What is a Global Messenger? What is Athlete Leadership?
The Global Messenger program offers public speaking and presentation skills training to Special Olympics athletes, who in turn help spread the message and vision of Special Olympics.

The Global Messenger program is part of our Athlete Leadership Programs (ALPs), which allow athletes the chance to explore opportunities for Special Olympics participation in roles previously considered “non-traditional.” Such participation might come in the form of serving on the Board of Directors or local organizing committee, or an athlete might serve as a spokesperson, team captain, coach or official.

For more information on the Global Messenger program, or to invite a Special Olympics Global Messenger to speak to your school, civic group, church, business or anywhere else, please contact Kristin Craven at kcraven@specialolympicspa.org.

Is Special Olympics part of the Olympics?
Special Olympics and the International Olympic Committee are two separate organizations. A protocol agreement has been signed between the groups.
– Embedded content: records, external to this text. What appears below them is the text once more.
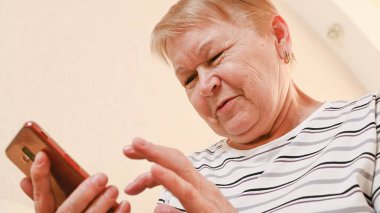 Elinde telefon olan yaşlı bir kadın, alt manzaralı..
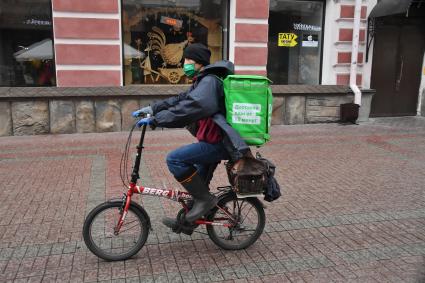 Москва. Курьер службы доставки еды  Delivery Club  на улице Старый Арбат.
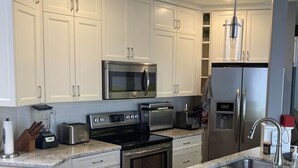A modern kitchen with white cabinetry, stainless steel appliances, and a granite countertop.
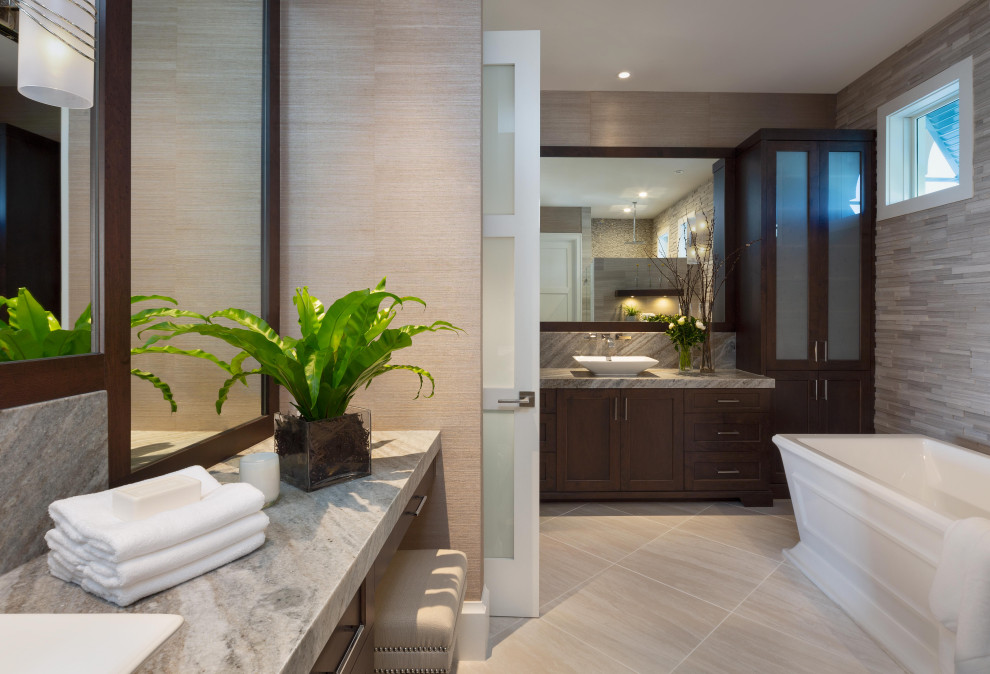 This is an example of a large asian master bathroom in Miami with shaker cabinets, dark wood cabinets, a freestanding tub, brown tile, matchstick tile, beige walls, porcelain floors, a vessel sink, granite benchtops, beige floor and grey benchtops.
Special Olympics is the only organization officially authorized by the International Olympic Committee to use the word “Olympics” in its proper name. Many Special Olympics national programs have excellent working relationships with their respective National Olympics Committees.

What’s the difference between the Special Olympics and the Paralympics?
Special Olympics involves athletes from all ability levels who have intellectual disabilities; some may also have physical disabilities. Paralympics involves athletes with physical disabilities who compete only at the elite sports level. The International Olympic Committee recognizes both Special Olympics and the Paralympics.